“We will attack,” he said crisply. “My brother has the high ground; he will not leave it, so we must go to him. Phiron, as you have suggested, your people will lead an echeloned advance into his right, and smash that wing. The Juthan have been told to hang back, and only follow on once you have engaged. Then the rest of the line will move up in turn from the right. That way we are less likely to be outflanked. My bodyguard and I will be in the centre. As soon as I mark out Ashurnan, we shall attack him. If the King dies, it is all over. Any questions?”
“When?” Phiron asked.
“I leave that to your discretion. But it should be soon. The heat will be punishing today.”
“Thank you, my lord.”
Arkamenes bent over in the saddle and pulled his komis aside a little. He smiled, his golden face disconcerting so close to theirs. “Good luck, General. If all goes well, when evening comes we shall be rulers of the world.” Then he straightened and kicked his horse, wheeling away to where his bodyguard awaited him in bright and gaudy ranks back at the centre of the army.
Phiron looked round at his fellow officers. “He’s leaving it to us to make the first dent in their line. We must hit them hard as we are able, then wheel left, towards their centre. There the battle will be decided. Arkamenes was right; if we kill their king, they’ll fold.”
“There was cavalry on the move before dawn, Phiron,” Pasion said. “Could be a flank move.”

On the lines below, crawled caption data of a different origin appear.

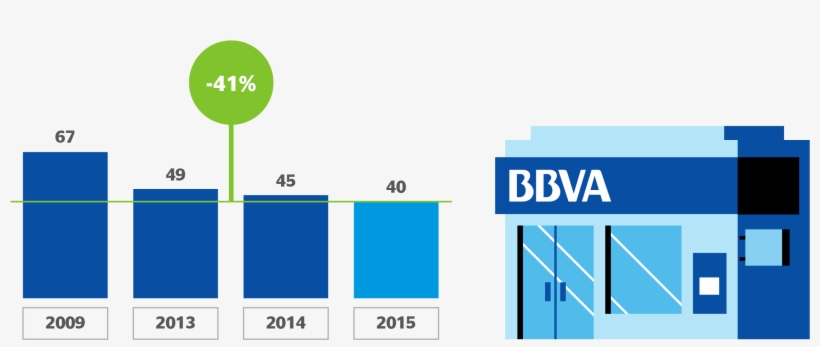 Bbva Tecnologia E Innovacion, transparent png download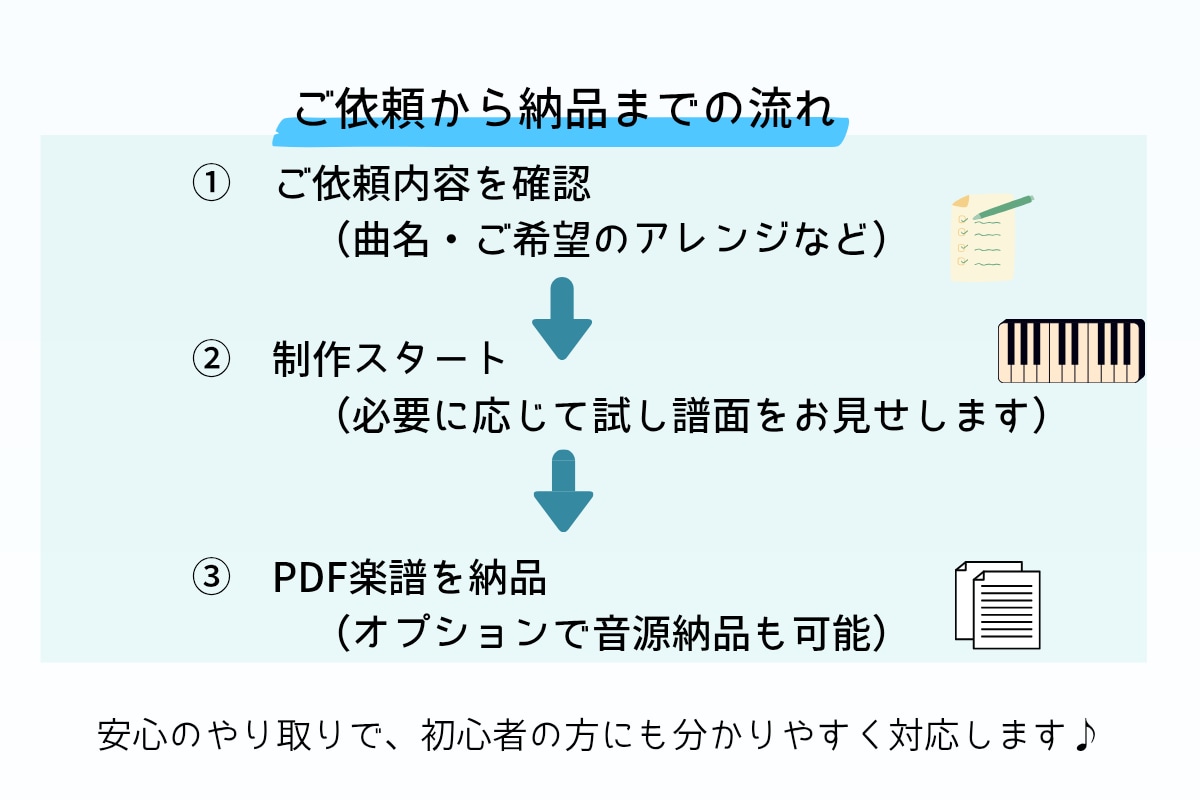 簡単に弾ける！初心者向けピアノアレンジ楽譜作ります 憧れの曲を“弾ける形”にやさしくアレンジします♪ イメージ5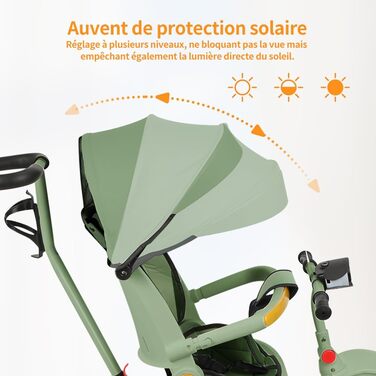 Триколісний велосипед для малюків, 5 в 1, з можливістю росту, велосипед-візок, поворотний сидіння 360°, штовхач, знімний капюшон, 3-точкова система безпеки, кошик для зберігання, 1-5 років (Зелений)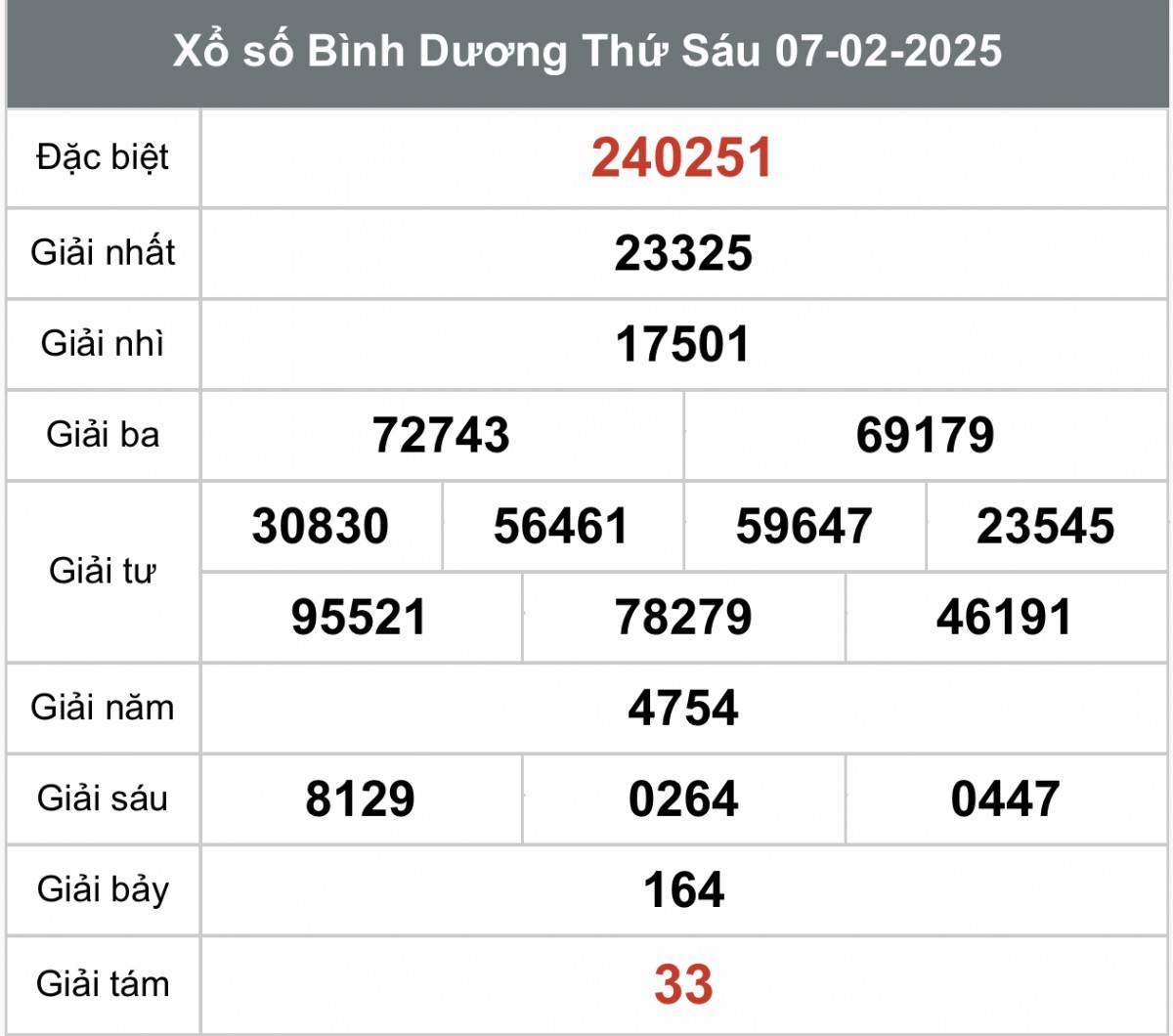 XSBD 14/2, Kết quả xổ số Bình Dương hôm nay 14/2/2025, Trực tiếp XSBD ngày 14 tháng 2 XSBD 14/2, Kết quả xổ số Bình Dương hôm nay 14/2/2025, Trực tiếp XSBD ngày 14 tháng 2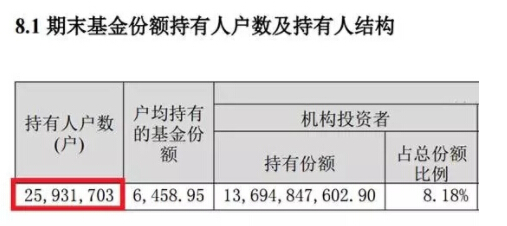 美国人口6亿2100_美国人口分布图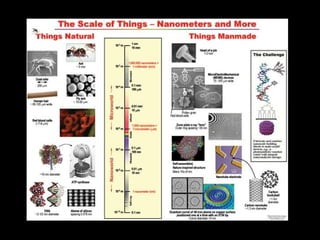 Introduction to nanotechnology and its applications | PPT
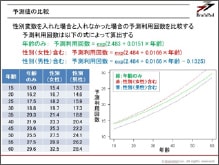 ブレインパッドのR講座では、実務視点での予測とモデル評価を行える点が魅力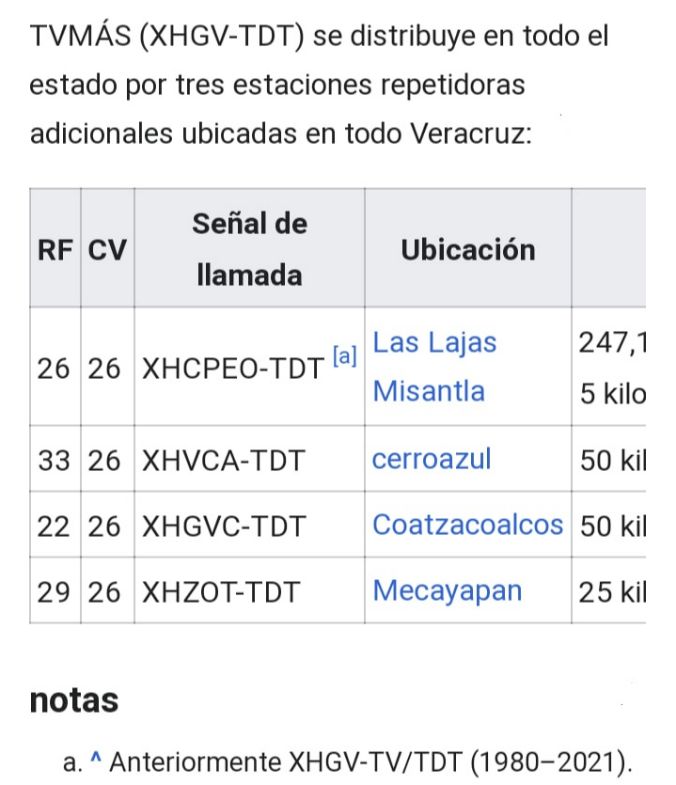 Señales de TvMás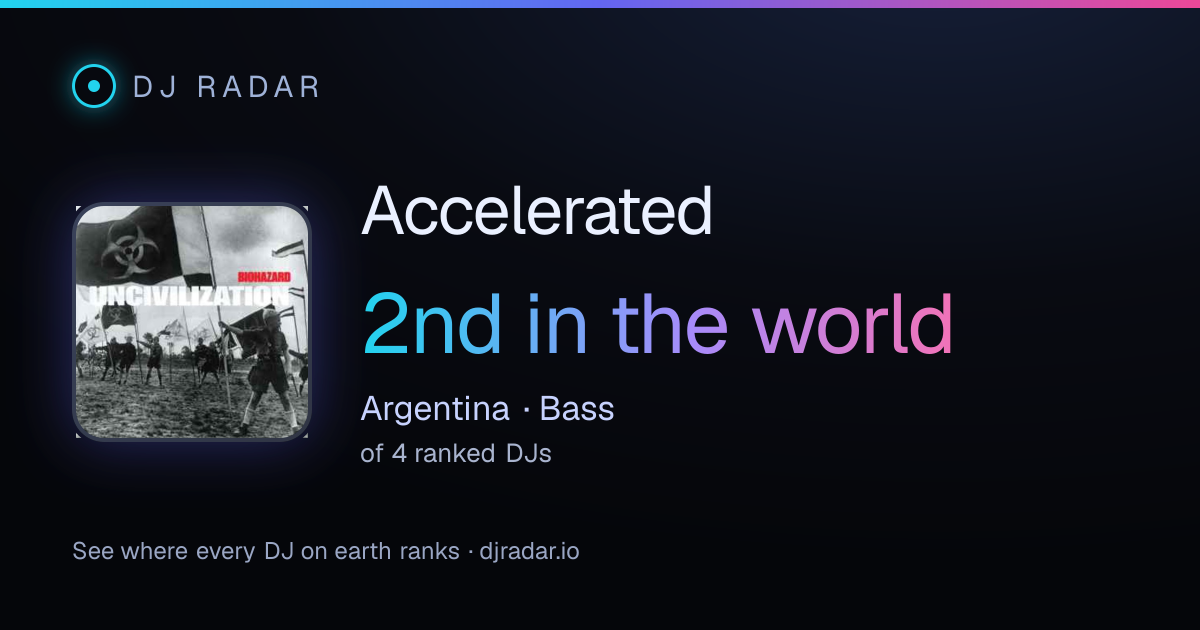 Shareable card: Accelerated 2nd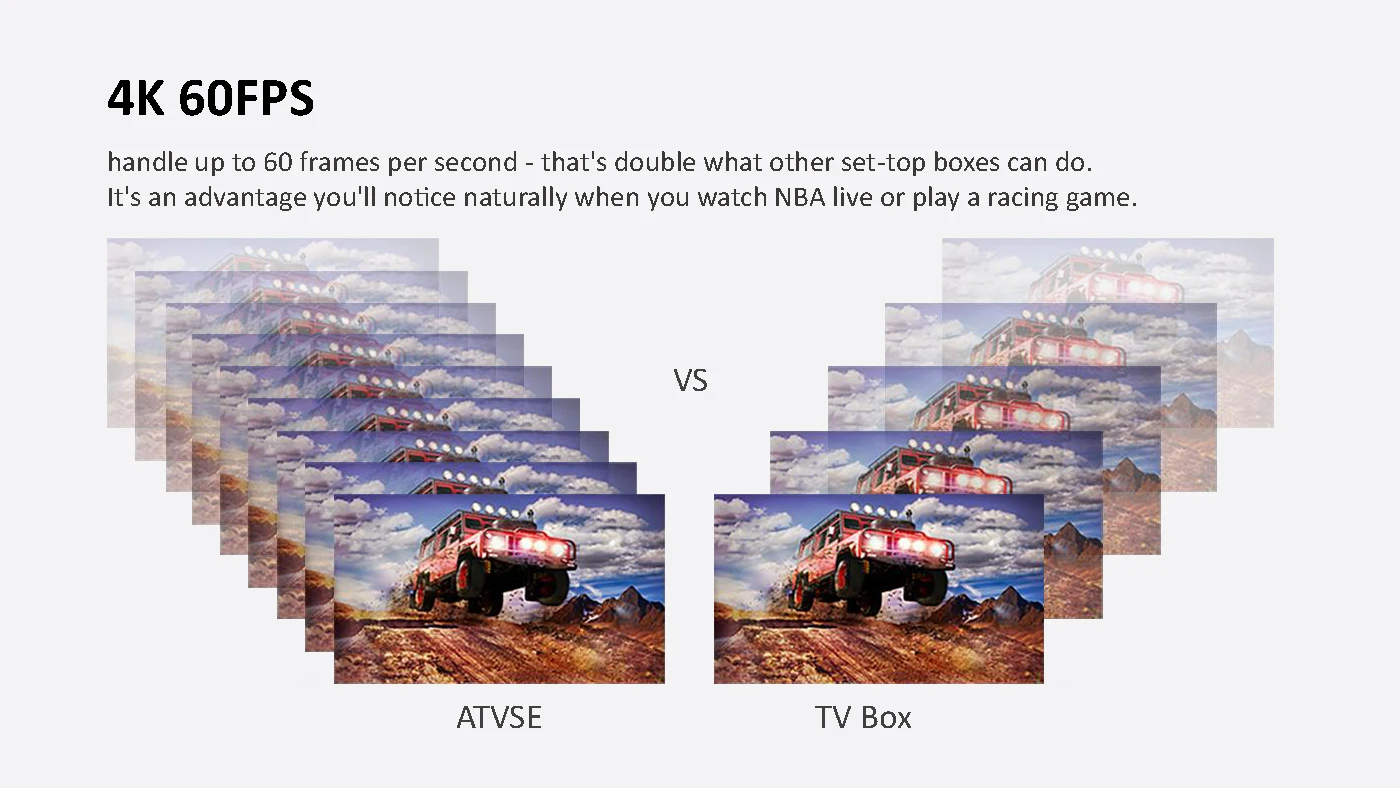 New Android Smart Atv Tv Box Z6 4k Media Player Voice Control Remote Hd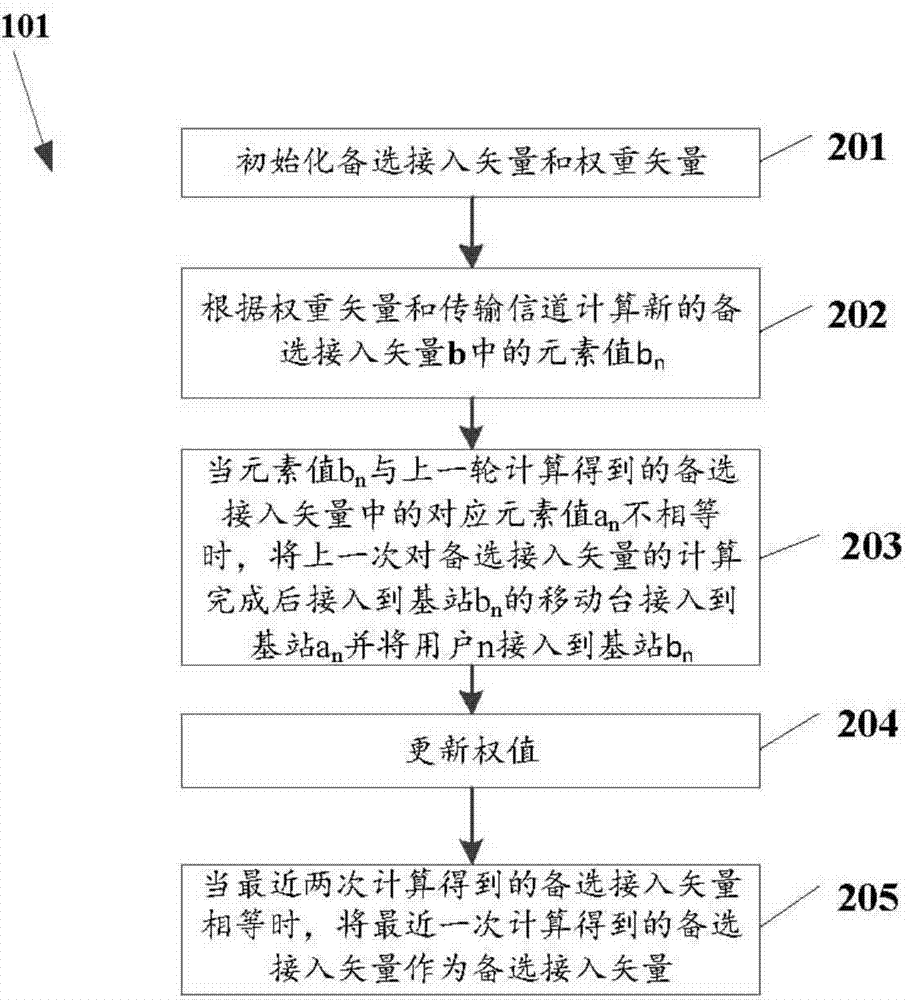 Method for accessing mobile station to base station and device thereof
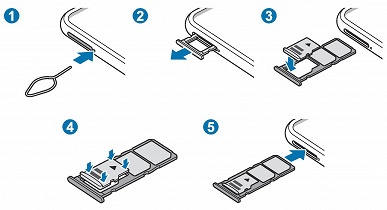 Порт USB-C и сканер отпечатков сзади: опубликованы изображения бюджетного смартфона Samsung Galaxy M10s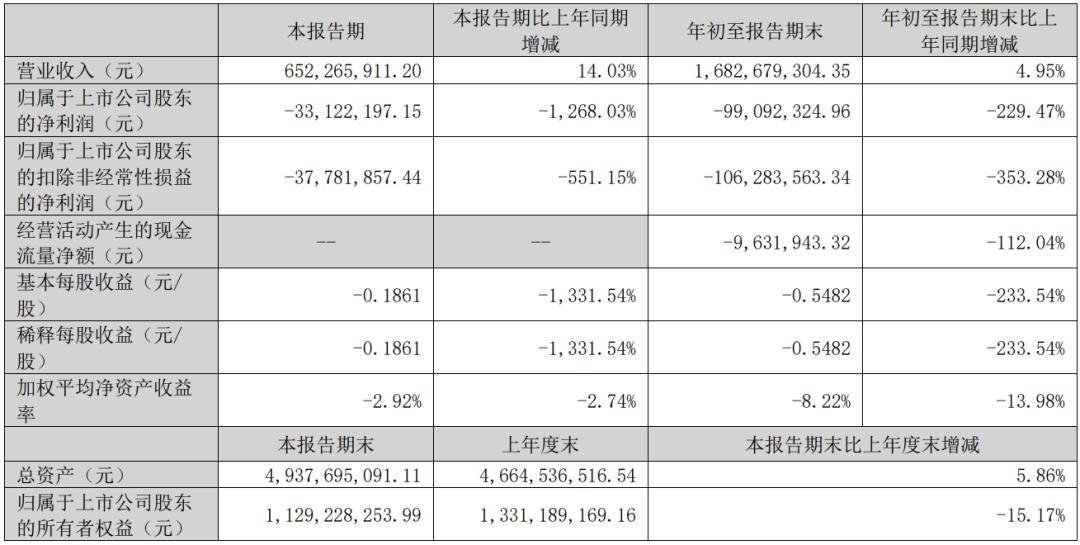 奧拓電子、東山精密、木林森等9家LED相關(guān)企業(yè)披露三季報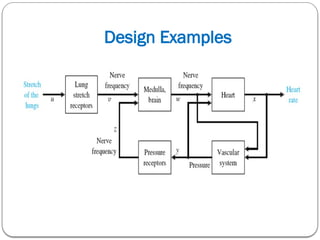 Design Examples
 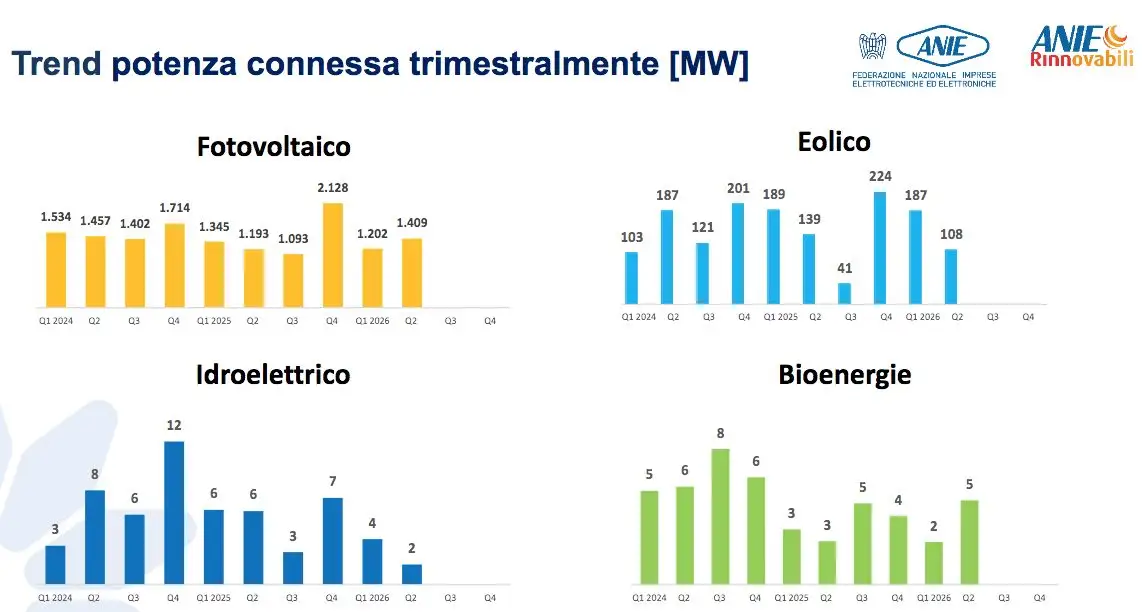 Włochy: 3,4 GW nowych OZE w I połowie 2026, ale cele 2030 zagrożone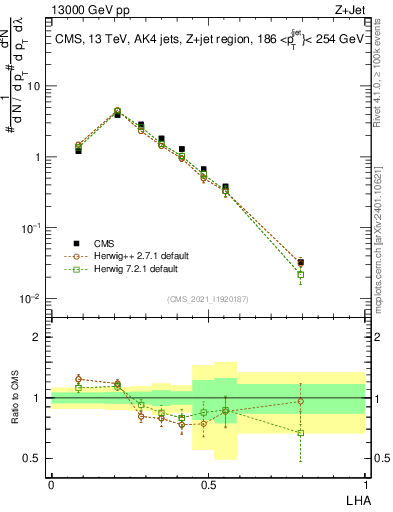 Plot of j.lha in 13000 GeV pp collisions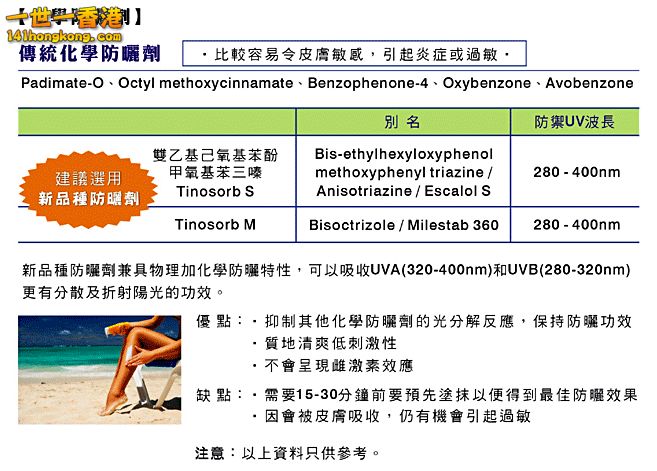 防曬成份大檢閱2.jpg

Phiron nodded. “I’m sure it was. That’s why your Hounds are out on the far right. They’ll have to cover our arse. I need every spear up front if we’re to break these bastards before noon. Jason, your mora is right-handest. The Hounds will be under your orders. If they need help during the morning it is you who will be detailed to assist them. You lead off when you’re ready and we’ll follow on.”
Jason nodded, eyes bright within his helm. He had donned his party-chiton under his armour, and the gold embroidery of it gleamed out incongruously in that sombre gathering.
The twelve of them stood silent a moment, eyes flickering back and forth among themselves. Some of them were smiling.
“Brothers,” Phiron said simply, “let us start the Dance.”
Starting on the right, the Macht line began to move. The men kept the bowls of their shields on their left shoulders, to save their strength, and carried their spears down the length of their right arms, snug against the body. The mud sucked at their feet and broke up their step until they had marched clear of the last night’s ground and were on packed earth and pasture once more. File-leaders and file-closers barked out the time. The men began to march in step, and with that the ground began to echo under their feet, ominous thunder. Jason’s mora, close to a thousand men in eight ranks, led off. After it came Mynon’s, then Orsos’s, then Castus’s, then the morai of Pomero, Argus, Teremon, Durik, Gelipos, and Marios.
To their left the Juthan Legion stood watching as the Macht line moved up the slope towards the King’s army, close on two pasangs of tight-packed men marching in almost perfect time, and now in almost complete silence. Above their heads the centon banners hung heavy in the morning air. Hardly a breeze stirred about the plain, but the heat of the sun had already burned away the last of the mist. The men in the ranks had the sunlight in their eyes for the first few hundred paces, until the shadow of the heights above them cut it off.
The light troops kept pace with the phalanx, and in their midst Rictus strode easily along, his heart thumping so hard it seemed the beat of it would leap up his throat.
“We’ll fight like spearmen today, if we have to,” Agrimos, overall commander of the skirmishers had said. “There’s cavalry out on the right, and we’re to hold our ground against it. No retreating today, boys; no falling back. We fight where we stand.”
At long last, Rictus was to be part of a real battle, not some honourless skirmish fought with knives and javelins. Today would be a spear-fight, and he was wholly glad of it.
Look down on me today, father. Grant me your courage. Help me live or die well before the sun goes down.
Jason, in the midst of his thousand, struck up the Paean. It was taken up by the whole mora almost at once, and travelled down the line until the entire Ten Thousand were singing it, the slow mournful beat of the ancient song clenching their feet in time with one another. As always, Jason felt that cold thrill in his flesh at the sound. The Death hymn of the Macht. It had been millennia since a Great King had heard it, and now here in the heart of the Empire, ten thousand voices were rolling it out with a fine relish, their feet providing the beat. Ten thousand voices, the sound of them echoing off the heights of the hills to their front, the ground rising under them as they marched, and the ranks of the Great King’s army awaiting them at the crest.